Parole in libertà? Non servono proprio, perché subito sarebbero equivalenti a povertà estrema d’idee. E accanto appaiono superflui i lunghi, spesso inutili e sempre noiosi pronunciamenti sull’arte, le righe che si affastellano, si comprimono una sull’altra. E’ qui invece il tempo del nitore, della semplicità, del saper vedere. Ossia del gustare in pieno la sapienza del comporre, la linea che avanza imperiosa o suadente, il colore che canta, la parentela tra luci e ombre e loro dissonanza, l’incisione in cavo, calcografica o in rilievo, le matrici metalliche graffiate, il corpo su cui agire estratto dalla materia, tecniche che si assommano per dar luogo alla creatività. Questa mostra è il seguito della Biennale d’arte grafica contemporanea Premio Diego Donati che illustrò le pareti del Cerp, gli spazi ampi e risonanti della Provincia alla Rocca Paolina, durante le festività dell’anno scorso, un modo sensibile, quasi di augurio, per il vecchio che tramontava e il nuovo che giungeva a spron battuto. Oltre al lotto consistente dei maestri, fuori concorso, da lì sono usciti i vincitori e i segnalati, anche se giustamente tutti i partecipanti siano stati accomunati dalla limpida volontà dell’operare e dai risultati raggiunti da orizzonti diversi. Primo premio a parte, al secondo e al terzo arrivati, Valerio Niccacci e Michele Santi e ai dieci degni di una dedica speciale è stata offerta l’opportunità di una rassegna, bella e significativa. Questa, per l’appunto.
Il visitatore si soffermerà davanti alle opere che sono finestre aperte sull’animo dell’autore, riflettono sogni e concretezza, musica e poesia, silenzi e abbandoni, mondi solitari e costellazioni frementi, realtà interpretate, rivissute e dunque sostanzialmente fresche e ingressi nei cieli dell’astrazione. E si deve rammentare che l’artista grafico è probabilmente il più solitario di tutti, chiuso nel suo studio davanti alla superficie dove condensare il pensiero, riassumere il gesto, la forza, l’imperio della sensibilità. Accanto a protagonisti che molti visti hanno sul passaporto estetico si accampano giovani o giovanissimi, spesso usciti dalla fucina dell’Accademia di Belle Arti Pietro Vannucci. Bravura innegabile, ed è scontato. Ma soprattutto fiorire di idee nel crogiuolo della mente, forme alchemiche trasformate in verità, guizzi sicuri verso verità personali. Da segnalare il fatto per riceverne immediata gratificazione: molto si muove nel settore specifico, parecchio si è mosso, e non è solo entusiasmo ma sodi argini creativi.

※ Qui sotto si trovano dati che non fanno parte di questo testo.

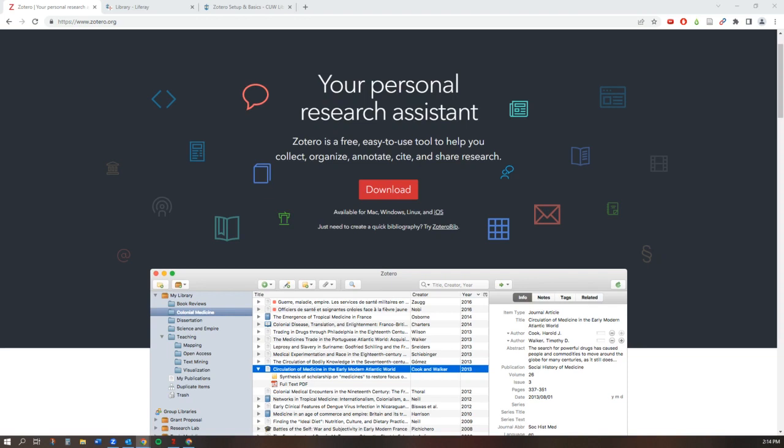Zotero is a free citation generator and resource manager that syncs with your browser and word processor. It helps you organize your research and format citations in whatever style is needed.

Dal lessico di quanto esposto variegate immagini si levano: Alice in Wonderland, natura e tronchi dalle aspre rughe, il mare che mai si quieta, il Don Chisciotte capace di volare con le ali della fantasia, la surrealtà di Selene, le stelle narratrici di notti intessute di vanità, un omaggio a Redon così denso da divenire pretesto
intellettuale a tutto vantaggio della forte originalità espressiva, linoleografie tanto distillate da essere costante punto di riferimento, puntesecche di vigore insolito, aggrumate zone scure e percorsi dinamici, le grandi città anticamera di miraggi, illusioni e stentoree consistenze e segni errabondi a mo’ di onde celesti, realizzazioni distillate, intense, sulfuree.
La rassegna con i suoi profumi, gli archetipi ideali, le tensioni, le geometrie erranti, va alla ricerca del punto fondamentale, della nascita dell’Io. Ci sono riusciti, eccome, gli artisti di lunga milizia o quelli di fresca e nobilitante carriera. Complimenti!